I’ve gone back to the drawing board on all the projects. They just felt irrelevant as we count, as we watch, as we endure. They need reform. I need to re-calibrate. Reconfiguration is a must but I don’t know what it is, yet. I’m drawing my way into finding it. I’m drawing my way into questioning my need to find anything. I’m drawing big gluppy wet ones. I spill coffee over the paper watching how it splashes and moves. I pouring yellow ochre in pools letting the liquid flow in unpredictable directions.


I became the uber lockdown mum and cut my family’s hair out the back garden. Locks of soft blonde hair; the dog’s and the son’s, twinkled like nuggets around the garden. A magpie swooped and snatched some. Then the littlies came; the robins, the sparrows, the blue-tits, the wrens, squabbling and pouncing onto the golden strands. Lifting them and flying up into the sky. I watch the theatre of it. I grab the dog and cut some more. Cutting the dog’s hair is a tricky gig and happens anywhere and at any moment that I can grab him in the garden and snip. He is now a furry patchwork; gouged strips around the body and trailing hair falling over his eyes. The eyes are impossible. I left some freshly poured drawings to make their journey around the page one morning and forgot to close the door behind me. After counting in Stormont I came back in to check my drawings. Two beating birds flew around the ceiling. There was twigs, there was leaves and there was blond hair all over my desk. There was manic fluttering (the birds) and manic screaming (me). They were interrupted. They were very cross. We all ran out of the garage, the birds and me. My family ran out of the house. There was shrieking. The husband suggested we watch Hitchcock’s The Birds. I blamed the hair.
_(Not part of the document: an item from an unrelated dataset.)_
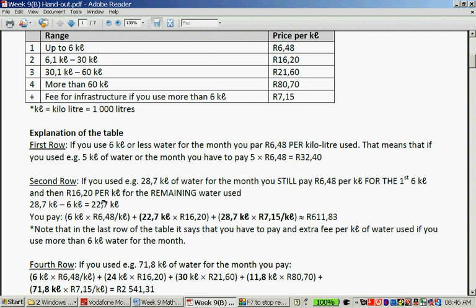So in this case, you use 22.7 kilolitres beyond the first 6. You pay R6.48 per kilolitre for the first 6 kilolitres. Then you pay 22.7 kilolitres × R16.20. And then 28.7 × R7.15 for the total infrastructure fee.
I dreamt about us working together, me and the wren family. They had to be wrens. They would walk over my wet drawings making bird footprints on the paper. Then I thought about shit - literally - bird shit, the bird shit that flows unpredictably out of a busy nest. Bird shit drawings. I peeked in the door the next morning, afraid to go in. No birds. I hung around the garden watching and waiting. Lots of them flying around busily pick up my son’s hair but none going into the garage. I waited and watched. Had I dreamt the nest building on my Covid studio shelf? Enduring becomes dreaming. I waited more. I watched more. I gave up. I went back into the garage. I shut the door behind me. Now its just me, the lawnmower, untouched wren drawings and Beethoven. I need an Ode to Joy. I’m draw-dreaming. I spill more yellow liquid. I scratch marks into these drawings. And then they came, the birds.